Section 3. Investment. (a) Each New Investor has independently, and without
reliance on Buyer or any of Buyer's Affiliates or any of their respective
partners, officers, directors, members, employees, agents or representatives
(collectively, the "TPG Parties"), made its own analysis and decision regarding
whether to enter this Agreement and purchase the Notes. Each New Investor
acknowledges receipt of the Purchase Agreement. Each New Investor acknowledges
that no TPG Party has provided any information to any New Investor, nor made any
statement, representation or warranty to any New Investor, with respect to the
Notes. Each New Investor agrees that it will, independently and without reliance
on any TPG Party, continue to make its own decisions regarding the Notes, and
each New Investor acknowledges that its exclusive rights and remedies with
respect to the Notes shall be those rights and remedies accorded to the Buyer
under the Investment Agreement.
(b) Each New Investor is acquiring the Notes for its own account solely for
the purpose of investment and not with a view to, or for sale in connection
with, any distribution thereof in violation of the Securities Act. Each New
Investor acknowledges that the Notes have not been registered under the
Securities Act and may be sold or disposed of in the absence of such
registration only pursuant to an exemption from the registration requirements of
the Securities Act.
Section 4. Entire Agreement. This Agreement sets forth the entire agreement
between the parties hereto with respect to the transactions contemplated by this
Agreement. Any provision of this Agreement may be amended, modified or
supplemented in whole or in part at any time by an agreement in writing among
the parties hereto executed in the same manner as this Agreement.
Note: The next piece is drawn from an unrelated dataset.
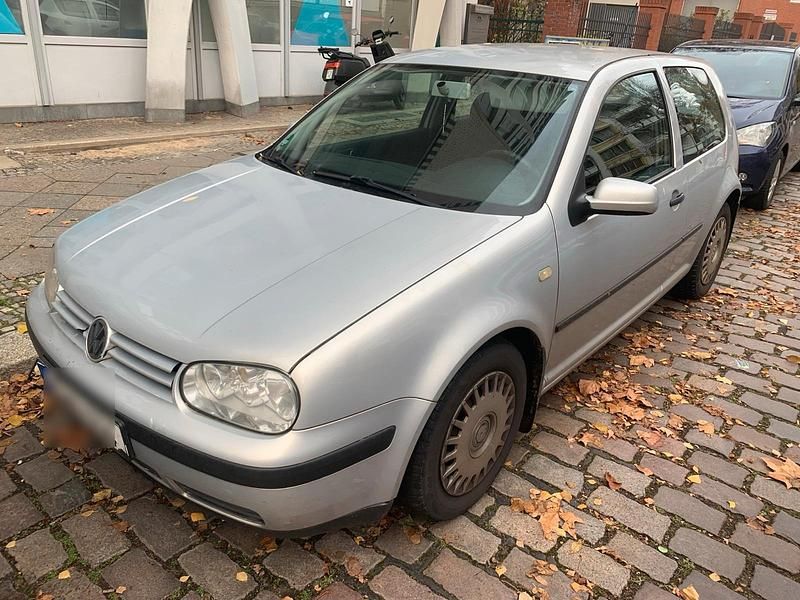 Silber Gebraucht 1997 VW Golf IV Kleinwagen | 1.000 € (Fairer Preis) - Bild 1/4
Section 5. Counterparts. This Agreement may be executed in two or more
counterparts, each of which shall be deemed to constitute an original, but all
of which together shall constitute one and the same document.
SECTION 6. GOVERNING LAW. THIS AGREEMENT SHALL BE GOVERNED BY, AND
INTERPRETED IN ACCORDANCE WITH, THE LAWS OF THE STATE OF NEW YORK APPLICABLE TO
CONTRACTS MADE AND TO BE PERFORMED IN THAT STATE WITHOUT REFERENCE TO ITS
CONFLICT OF LAWS RULES.
Section 7. Notices. All notices and other communications hereunder shall be
in writing and shall be deemed to have been duly given, if delivered personally,
by telecopier or sent by first class mail, postage prepaid, as follows:
(a) If to Buyer, TPG, Wafer Partners or Holdings:
Texas Pacific Group
000 Xxxxxxxx Xxxxxx, Xxxxx 0000
Xxxx Xxxxx, XX 00000
Attention: Xx. Xxxxx X. X'Xxxxx
Telecopy: (000) 000-0000
with a copy to:
Cleary, Gottlieb, Xxxxx & Xxxxxxxx
Xxx Xxxxxxx Xxxxx
Xxx Xxxx, XX 00000
Attention: Xxxx X. Xxxx, Esq.
Telecopy: (000) 000-0000
(b) If to GEI or GEI Side:
Xxxxxxx Xxxxx & Partners, L.P.
00000 Xxxxx Xxxxxx Xxxxxxxxx
Xxxxx 0000
Xxx Xxxxxxx, Xxxxxxxxxx 00000
Attention: Xxxx Xxxxxx
Telecopy: (000) 000-0000
with a copy to:
Xxxxxx Xxxxx Xxxxxxxx & Xxxxxxx LLP
000 Xxxxx Xxxxxx
Xxx Xxxx, XX 00000-0000
Attention: Xxxxxx X. Xxxxx, Esq.
Telecopy: (000) 000-0000
(c) If to TCW or TCW Trust:
TCW/Crescent Mezzanine Partners III, L.P.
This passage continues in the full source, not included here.